Exercise goal →
In the records below, the relevant part opens with the line containing "Industrial Equipment Dual" and closes with the line containing "vidaXL Storage Bed"; print that part exactly and only, without its pictures.

Exercise material →
------------------------
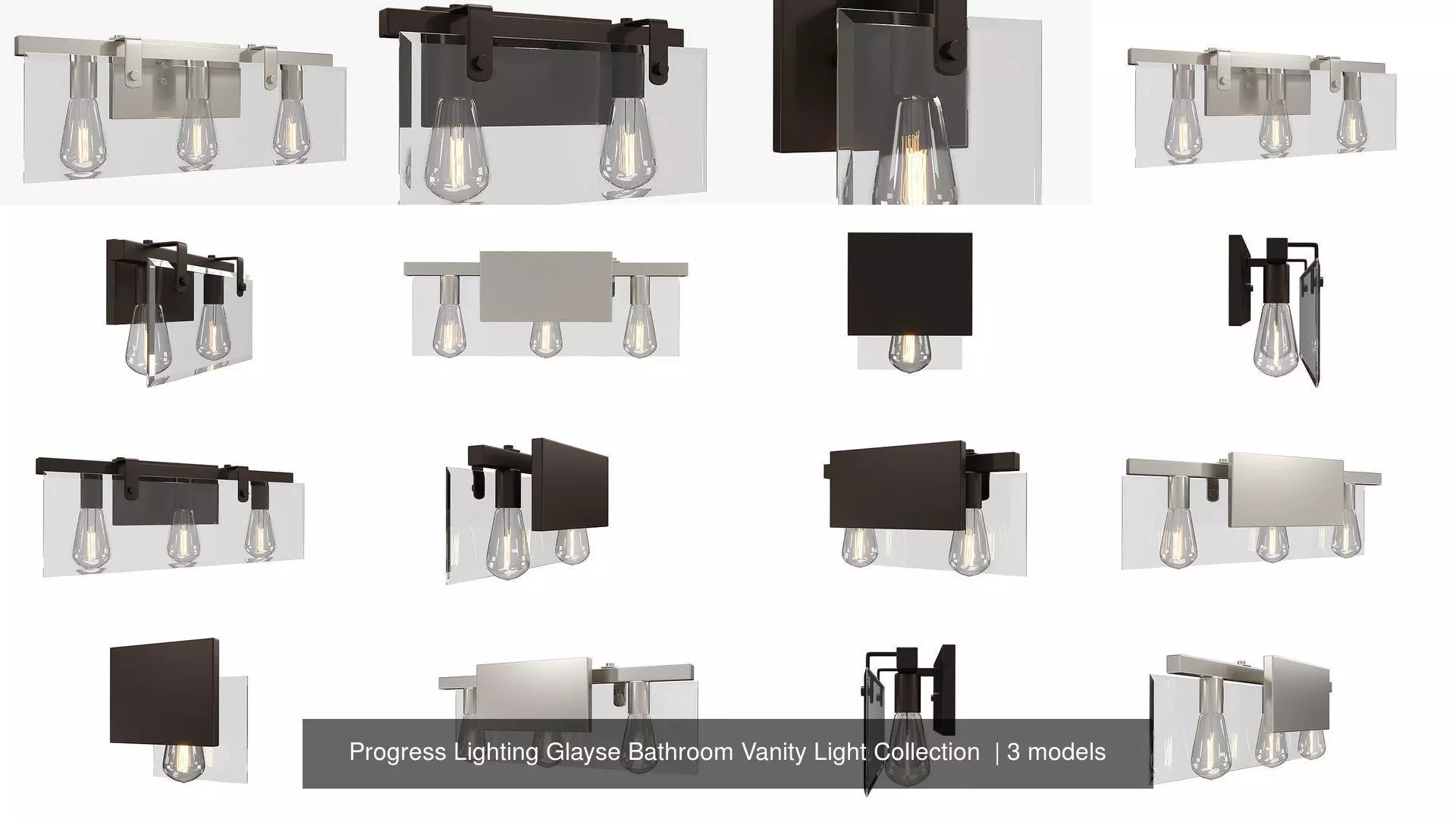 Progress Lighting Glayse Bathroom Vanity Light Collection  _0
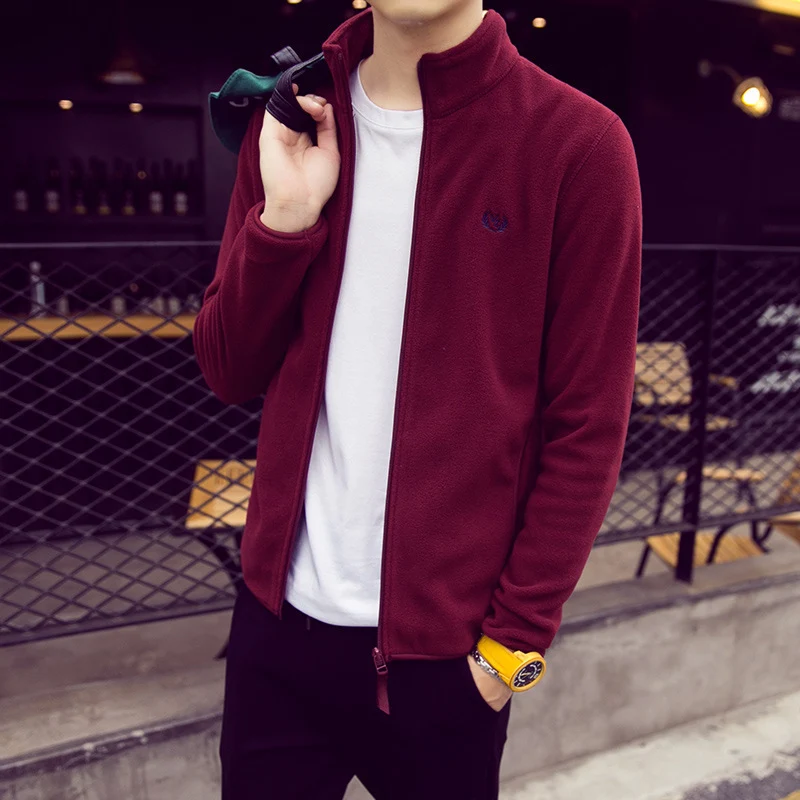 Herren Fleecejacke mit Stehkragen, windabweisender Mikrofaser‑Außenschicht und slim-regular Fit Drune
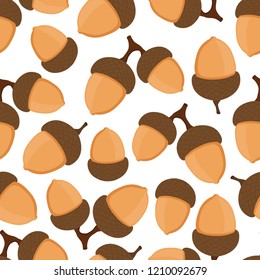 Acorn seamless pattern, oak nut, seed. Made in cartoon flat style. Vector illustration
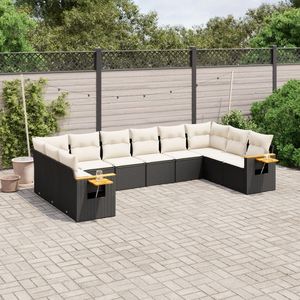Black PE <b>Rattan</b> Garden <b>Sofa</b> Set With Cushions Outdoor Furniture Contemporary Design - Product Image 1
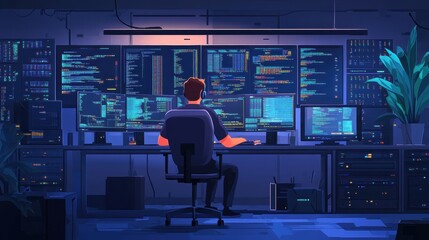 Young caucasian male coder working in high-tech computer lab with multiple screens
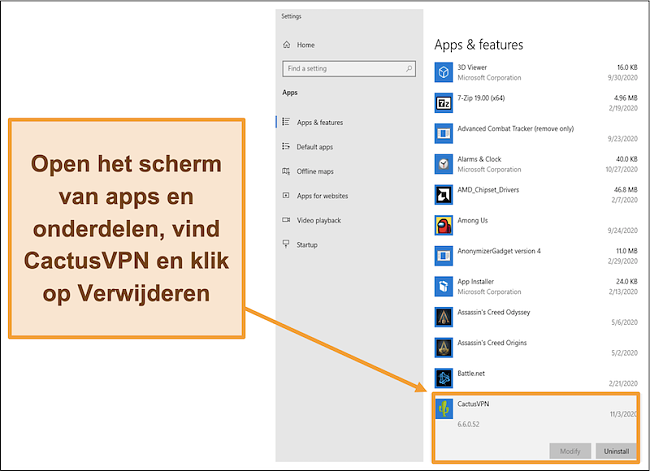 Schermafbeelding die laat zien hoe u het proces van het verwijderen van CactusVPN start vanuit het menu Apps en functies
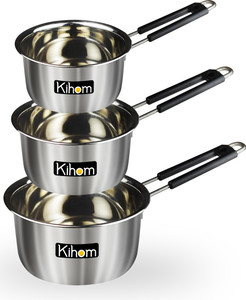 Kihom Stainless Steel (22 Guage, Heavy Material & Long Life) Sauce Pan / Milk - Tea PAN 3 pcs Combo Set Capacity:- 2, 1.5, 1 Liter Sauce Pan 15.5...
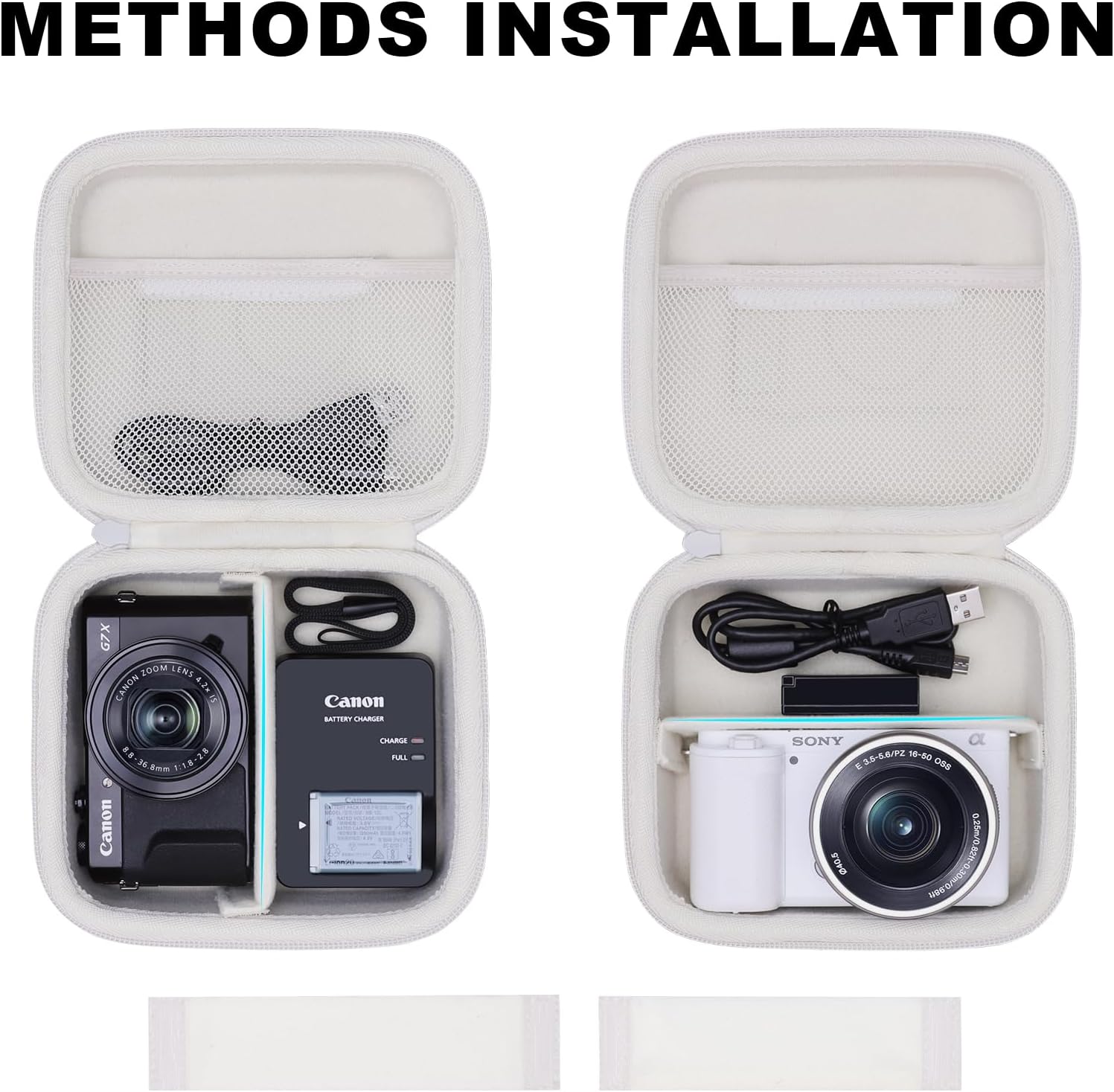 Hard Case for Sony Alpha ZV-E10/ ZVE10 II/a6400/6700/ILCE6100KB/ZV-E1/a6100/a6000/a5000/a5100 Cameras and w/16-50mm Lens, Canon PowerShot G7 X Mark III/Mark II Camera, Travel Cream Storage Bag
------------------------
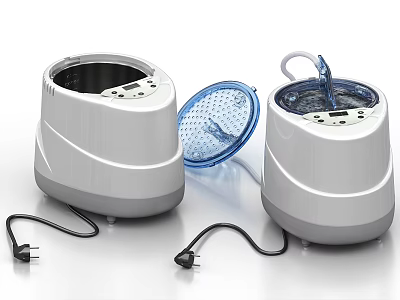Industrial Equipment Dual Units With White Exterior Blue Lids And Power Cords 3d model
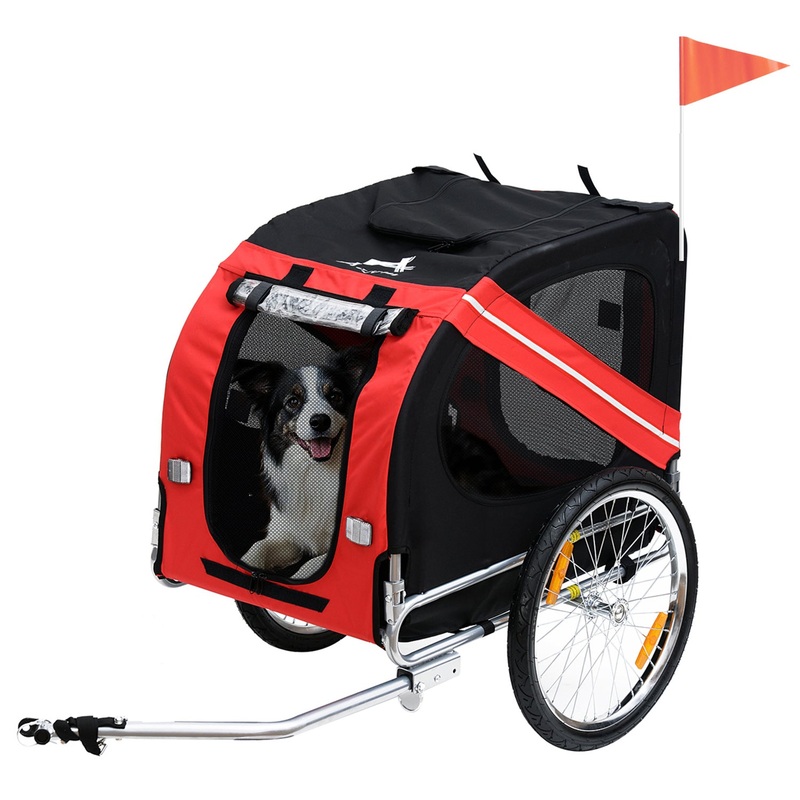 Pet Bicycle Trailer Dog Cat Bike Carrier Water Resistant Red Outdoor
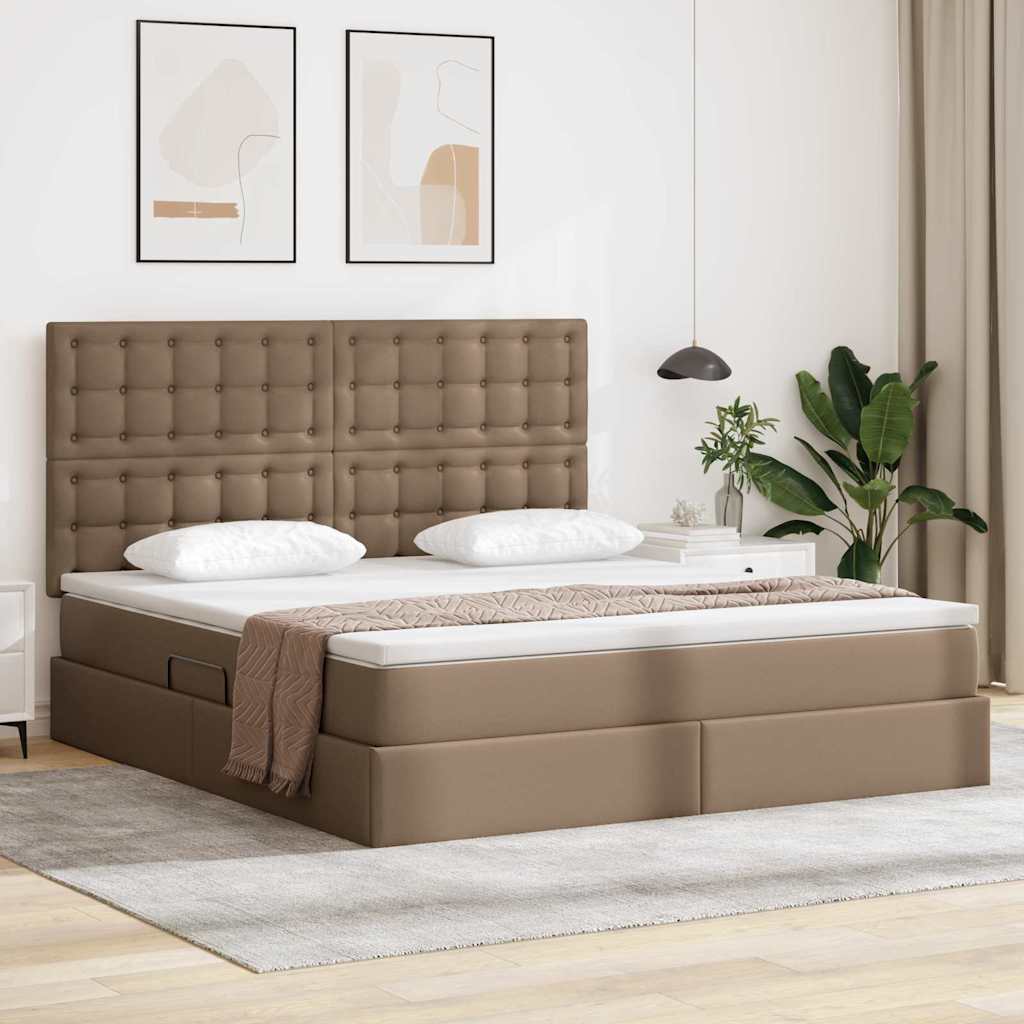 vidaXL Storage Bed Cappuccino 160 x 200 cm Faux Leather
------------------------
Answer box →
Industrial Equipment Dual Units With White Exterior Blue Lids And Power Cords 3d model
 Pet Bicycle Trailer Dog Cat Bike Carrier Water Resistant Red Outdoor
 vidaXL Storage Bed Cappuccino 160 x 200 cm Faux Leather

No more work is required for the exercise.